WORK INSTRUCTION = From the first line to the last, output the entries exactly.

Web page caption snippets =
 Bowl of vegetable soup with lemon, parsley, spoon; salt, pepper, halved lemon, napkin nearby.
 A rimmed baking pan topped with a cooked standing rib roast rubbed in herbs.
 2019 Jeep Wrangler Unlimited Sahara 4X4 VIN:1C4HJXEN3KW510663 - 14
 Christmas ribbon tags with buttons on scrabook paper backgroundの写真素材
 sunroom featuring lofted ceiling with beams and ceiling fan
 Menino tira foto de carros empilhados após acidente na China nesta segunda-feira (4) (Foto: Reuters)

SOLUTION FOR THIS EXERCISE =
 Bowl of vegetable soup with lemon, parsley, spoon; salt, pepper, halved lemon, napkin nearby.
 A rimmed baking pan topped with a cooked standing rib roast rubbed in herbs.
 2019 Jeep Wrangler Unlimited Sahara 4X4 VIN:1C4HJXEN3KW510663 - 14
 Christmas ribbon tags with buttons on scrabook paper backgroundの写真素材
 sunroom featuring lofted ceiling with beams and ceiling fan
 Menino tira foto de carros empilhados após acidente na China nesta segunda-feira (4) (Foto: Reuters)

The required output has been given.